At a conceptual level, the model illuminates a tradeoff that is often implicit in deployed autobidding systems. On the one hand, advertiser-side learning rules (e.g., primal–dual pacing) can enforce budgets and RoS targets nearly exactly, but doing so induces bid shading that can be allocatively harmful in any fixed auction format. On the other hand, platform-side adjustments (reserves, boosts, scoring) can partially undo this distortion, but only to the extent that they are informed by reliable value proxies. The constrained-smoothness constant α (and its advice-refined counterpart α(γ)) is a natural quantitative summary of how well a mechanism ``tolerates’’ constraint-driven bidding behavior while still producing liquid welfare.

We also view our results as a step toward a common language for three communities that typically reason separately: auction theory (which often assumes equilibrium and stationary types), online learning (which often abstracts away from mechanism design), and production ads systems (which internalize constraints and feedback limitations but rarely obtain end-to-end welfare guarantees). That said, several limitations remain, and they lead to a concrete open-problem agenda.

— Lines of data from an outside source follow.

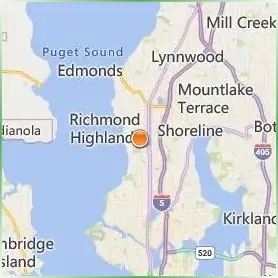 Shoreline Community College Location Map Shoreline Community College Location Map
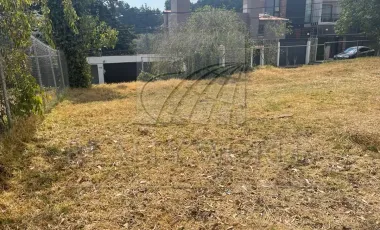 Terreno en venta en Abdias Garcia Soto, Cuajimalpa de Morelos, Ciudad de México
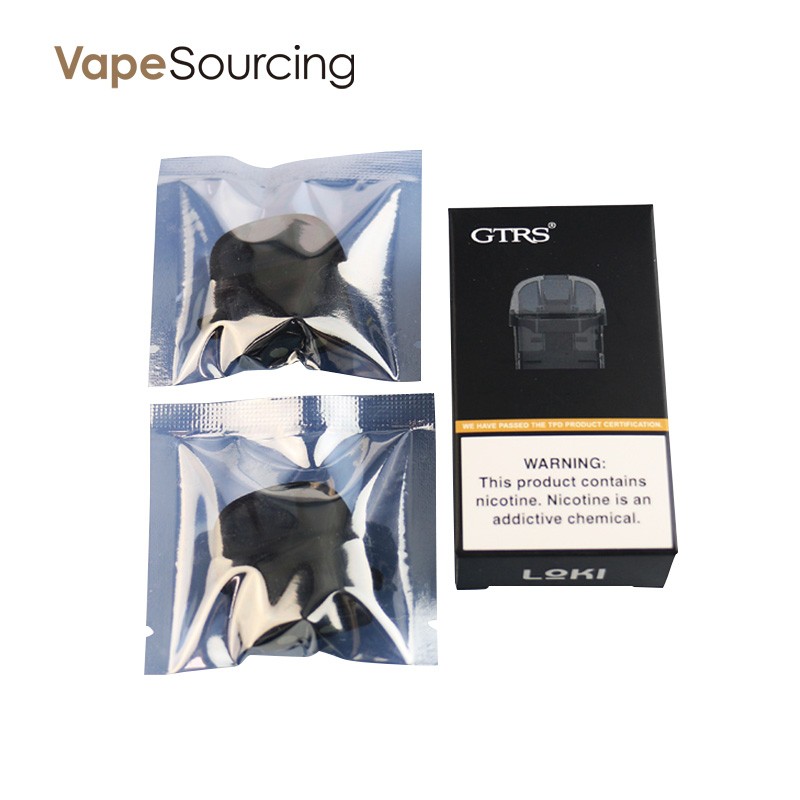 GTRS Loki Cartridge Package(2pcs/pack)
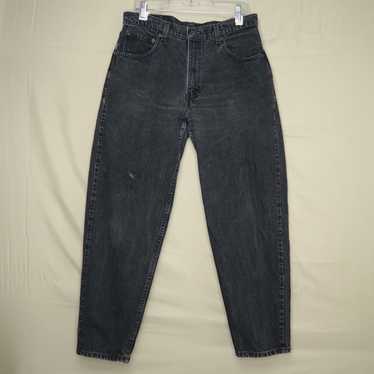 Vintage 90s Levi's 560 Jeans Loose Fit Tapered 34… - image 1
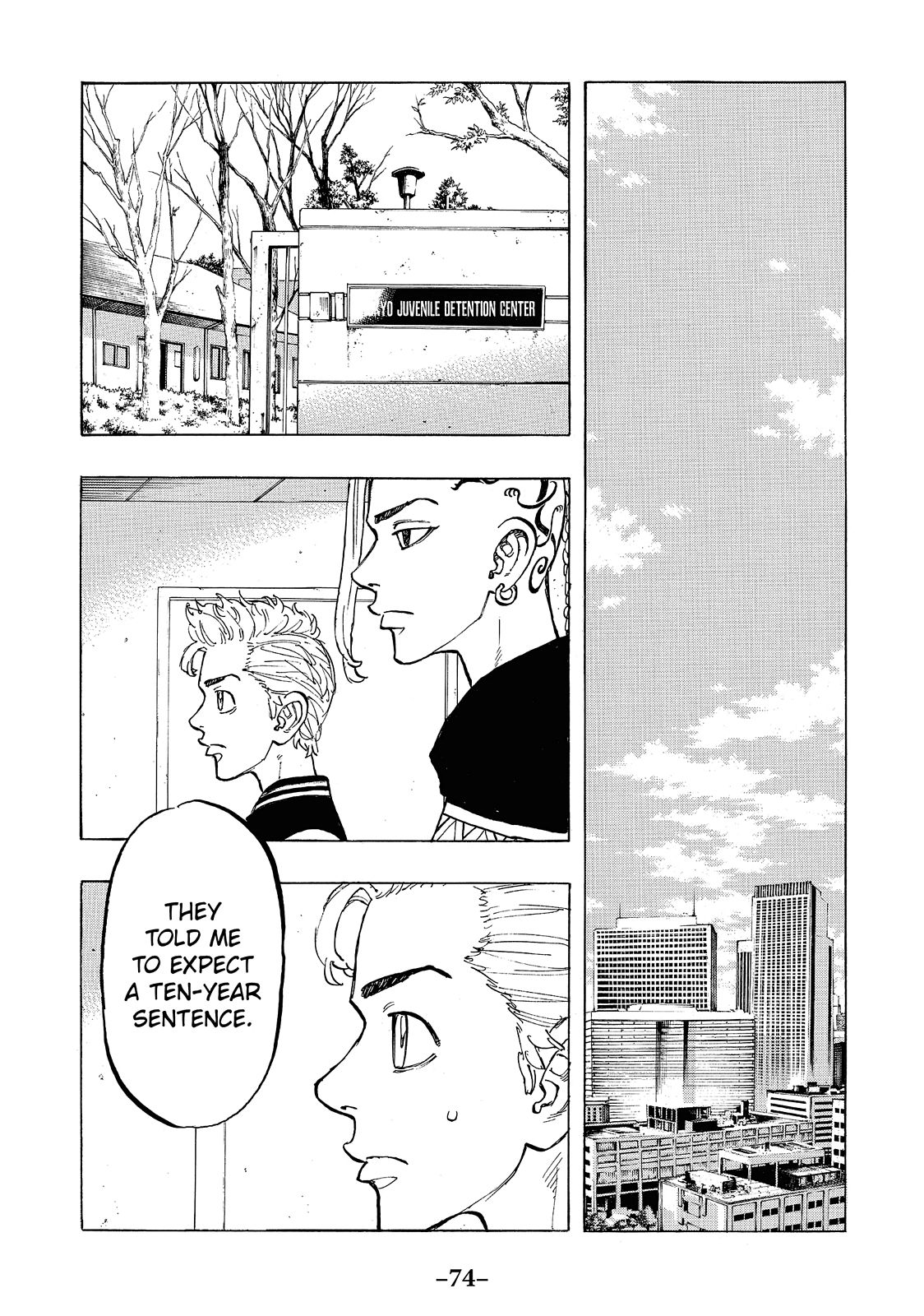 Tokyo Revengers Chapter 64 - Page 12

Our dynamic guarantee degrades additively with Var_T (and with dynamic regret). An important theoretical question is whether an O(Var_T) penalty is unavoidable for any algorithm–mechanism pair under our information structure, or whether it is an artifact of the proof technique (in particular, of the stability step that compares drifting deviation maps over time). A crisp direction is to construct adversarial drift instances in which, even under full-information feedback and even for ``benign’’ mechanisms such as VCG-like rules, the welfare gap
$$ \mathrm{OPT}_T-\sum_{t=1}^T \mathrm{Lwel}_t $$
is provably Ω(Var_T) for any no-violation policy class that respects hard budgets and RoS constraints. Such a lower bound would formalize a practical intuition: when the identity of the efficient winner changes rapidly, any algorithm that paces spend to satisfy horizon-wide constraints must either (i) delay adaptation and lose welfare, or (ii) overshoot constraints and be forced to stop bidding later. Conversely, it would be equally valuable to identify settings in which Var_T can be replaced by a smaller, instance-dependent complexity (e.g., a predictability or margin condition on values) without contradicting worst-case impossibility.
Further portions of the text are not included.